• EXERCISE BRIEF: Find the line containing "Three Bags Of" in the records below. Copy exactly that line and each one after it, ending at the line containing "originalmente encontrado nos", and nothing more.

********************

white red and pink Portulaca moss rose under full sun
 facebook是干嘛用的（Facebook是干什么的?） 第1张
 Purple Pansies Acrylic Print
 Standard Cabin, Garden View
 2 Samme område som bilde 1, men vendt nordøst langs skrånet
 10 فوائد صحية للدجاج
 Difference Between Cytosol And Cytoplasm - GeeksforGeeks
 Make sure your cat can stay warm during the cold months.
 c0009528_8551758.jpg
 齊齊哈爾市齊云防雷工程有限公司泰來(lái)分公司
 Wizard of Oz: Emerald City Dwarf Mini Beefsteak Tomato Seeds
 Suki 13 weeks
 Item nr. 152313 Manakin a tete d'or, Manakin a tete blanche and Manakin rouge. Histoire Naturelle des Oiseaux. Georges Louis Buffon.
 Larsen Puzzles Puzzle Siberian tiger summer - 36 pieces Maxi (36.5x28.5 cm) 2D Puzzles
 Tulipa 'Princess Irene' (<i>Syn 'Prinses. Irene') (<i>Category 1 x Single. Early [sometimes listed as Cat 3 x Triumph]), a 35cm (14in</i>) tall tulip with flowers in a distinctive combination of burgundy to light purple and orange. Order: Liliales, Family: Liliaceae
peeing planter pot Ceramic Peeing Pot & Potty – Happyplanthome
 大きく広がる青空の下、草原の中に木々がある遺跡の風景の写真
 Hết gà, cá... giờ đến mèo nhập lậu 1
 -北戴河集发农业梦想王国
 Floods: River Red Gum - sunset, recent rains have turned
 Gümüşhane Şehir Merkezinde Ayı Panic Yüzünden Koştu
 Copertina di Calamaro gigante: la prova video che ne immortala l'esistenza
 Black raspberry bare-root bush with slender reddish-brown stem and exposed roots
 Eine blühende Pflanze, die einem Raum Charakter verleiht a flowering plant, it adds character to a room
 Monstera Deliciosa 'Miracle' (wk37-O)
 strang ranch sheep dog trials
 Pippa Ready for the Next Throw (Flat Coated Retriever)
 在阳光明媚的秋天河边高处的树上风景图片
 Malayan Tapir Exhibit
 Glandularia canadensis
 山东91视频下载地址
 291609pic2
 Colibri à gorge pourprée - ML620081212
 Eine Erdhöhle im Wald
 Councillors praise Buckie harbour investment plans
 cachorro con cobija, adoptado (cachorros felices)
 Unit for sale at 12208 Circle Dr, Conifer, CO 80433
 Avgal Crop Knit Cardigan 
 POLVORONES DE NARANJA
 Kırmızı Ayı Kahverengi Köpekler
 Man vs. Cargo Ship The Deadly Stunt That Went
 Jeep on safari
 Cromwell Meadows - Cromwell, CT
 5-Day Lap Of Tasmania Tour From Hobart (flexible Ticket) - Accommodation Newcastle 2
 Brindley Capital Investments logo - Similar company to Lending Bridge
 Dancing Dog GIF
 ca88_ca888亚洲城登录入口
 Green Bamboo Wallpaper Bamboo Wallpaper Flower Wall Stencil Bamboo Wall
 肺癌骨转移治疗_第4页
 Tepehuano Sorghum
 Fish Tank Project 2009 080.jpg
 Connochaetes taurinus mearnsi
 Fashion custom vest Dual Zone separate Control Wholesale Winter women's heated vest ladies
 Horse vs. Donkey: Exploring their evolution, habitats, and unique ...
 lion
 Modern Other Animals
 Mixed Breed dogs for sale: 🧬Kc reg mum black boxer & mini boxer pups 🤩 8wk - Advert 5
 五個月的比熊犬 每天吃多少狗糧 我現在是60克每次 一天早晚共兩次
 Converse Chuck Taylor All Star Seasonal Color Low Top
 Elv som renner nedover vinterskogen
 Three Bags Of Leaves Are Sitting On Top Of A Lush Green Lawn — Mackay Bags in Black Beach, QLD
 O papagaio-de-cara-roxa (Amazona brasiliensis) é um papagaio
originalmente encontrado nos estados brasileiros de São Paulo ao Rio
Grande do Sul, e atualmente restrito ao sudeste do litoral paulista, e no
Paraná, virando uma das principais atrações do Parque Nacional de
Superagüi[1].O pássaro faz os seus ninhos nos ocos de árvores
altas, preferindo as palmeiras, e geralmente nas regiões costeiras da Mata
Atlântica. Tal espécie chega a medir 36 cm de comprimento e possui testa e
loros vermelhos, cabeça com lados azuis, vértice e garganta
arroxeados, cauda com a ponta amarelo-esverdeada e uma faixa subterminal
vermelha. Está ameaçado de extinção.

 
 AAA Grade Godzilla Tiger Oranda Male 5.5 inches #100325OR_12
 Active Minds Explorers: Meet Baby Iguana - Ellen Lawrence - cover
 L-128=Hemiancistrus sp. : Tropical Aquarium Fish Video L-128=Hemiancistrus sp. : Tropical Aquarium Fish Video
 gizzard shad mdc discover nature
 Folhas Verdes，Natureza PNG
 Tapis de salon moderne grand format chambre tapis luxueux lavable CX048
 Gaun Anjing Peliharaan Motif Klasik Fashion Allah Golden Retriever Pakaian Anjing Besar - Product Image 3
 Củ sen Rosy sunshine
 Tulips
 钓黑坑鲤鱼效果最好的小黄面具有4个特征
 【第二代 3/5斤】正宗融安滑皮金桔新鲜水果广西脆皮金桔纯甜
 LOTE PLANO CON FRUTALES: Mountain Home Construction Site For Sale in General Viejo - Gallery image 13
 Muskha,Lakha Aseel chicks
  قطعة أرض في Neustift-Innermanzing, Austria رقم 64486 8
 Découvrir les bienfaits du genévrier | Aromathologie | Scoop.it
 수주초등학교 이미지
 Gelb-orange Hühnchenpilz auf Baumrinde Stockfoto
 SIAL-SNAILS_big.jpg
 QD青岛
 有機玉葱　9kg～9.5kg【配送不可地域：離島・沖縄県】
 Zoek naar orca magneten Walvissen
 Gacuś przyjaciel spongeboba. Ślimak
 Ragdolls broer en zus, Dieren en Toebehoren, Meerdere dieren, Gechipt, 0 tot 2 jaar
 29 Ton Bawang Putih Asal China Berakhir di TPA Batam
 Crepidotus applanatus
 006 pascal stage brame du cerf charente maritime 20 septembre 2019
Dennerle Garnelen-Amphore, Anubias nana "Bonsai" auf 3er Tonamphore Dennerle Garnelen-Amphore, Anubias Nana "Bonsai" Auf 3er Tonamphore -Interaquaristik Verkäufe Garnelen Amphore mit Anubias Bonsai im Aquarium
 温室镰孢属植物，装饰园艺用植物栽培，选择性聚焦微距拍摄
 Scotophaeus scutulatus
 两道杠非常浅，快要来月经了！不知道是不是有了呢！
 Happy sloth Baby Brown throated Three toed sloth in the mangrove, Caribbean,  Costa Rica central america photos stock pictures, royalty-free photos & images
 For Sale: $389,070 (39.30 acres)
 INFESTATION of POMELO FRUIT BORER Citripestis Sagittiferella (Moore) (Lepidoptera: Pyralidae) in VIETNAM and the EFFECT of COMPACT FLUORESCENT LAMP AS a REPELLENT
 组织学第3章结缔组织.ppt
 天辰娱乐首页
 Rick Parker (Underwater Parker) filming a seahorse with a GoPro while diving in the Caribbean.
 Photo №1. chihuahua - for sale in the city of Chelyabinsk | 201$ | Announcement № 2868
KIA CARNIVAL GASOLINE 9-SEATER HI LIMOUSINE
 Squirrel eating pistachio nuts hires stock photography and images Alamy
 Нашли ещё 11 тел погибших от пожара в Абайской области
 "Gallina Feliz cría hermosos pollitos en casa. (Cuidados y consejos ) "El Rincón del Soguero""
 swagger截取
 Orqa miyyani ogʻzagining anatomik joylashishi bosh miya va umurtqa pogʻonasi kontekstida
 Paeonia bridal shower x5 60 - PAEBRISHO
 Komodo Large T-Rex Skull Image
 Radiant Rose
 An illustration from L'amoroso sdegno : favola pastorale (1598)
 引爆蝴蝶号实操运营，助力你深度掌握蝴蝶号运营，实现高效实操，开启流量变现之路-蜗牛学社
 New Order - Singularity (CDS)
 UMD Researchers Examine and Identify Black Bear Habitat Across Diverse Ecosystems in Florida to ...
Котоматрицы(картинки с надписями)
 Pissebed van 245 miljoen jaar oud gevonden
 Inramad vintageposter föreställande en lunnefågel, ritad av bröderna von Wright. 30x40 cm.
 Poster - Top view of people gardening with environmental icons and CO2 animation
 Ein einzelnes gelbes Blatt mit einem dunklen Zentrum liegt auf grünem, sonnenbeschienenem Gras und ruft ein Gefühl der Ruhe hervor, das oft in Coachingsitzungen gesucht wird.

********************

• RESULT OF THIS TASK:
 Three Bags Of Leaves Are Sitting On Top Of A Lush Green Lawn — Mackay Bags in Black Beach, QLD
 O papagaio-de-cara-roxa (Amazona brasiliensis) é um papagaio
originalmente encontrado nos estados brasileiros de São Paulo ao Rio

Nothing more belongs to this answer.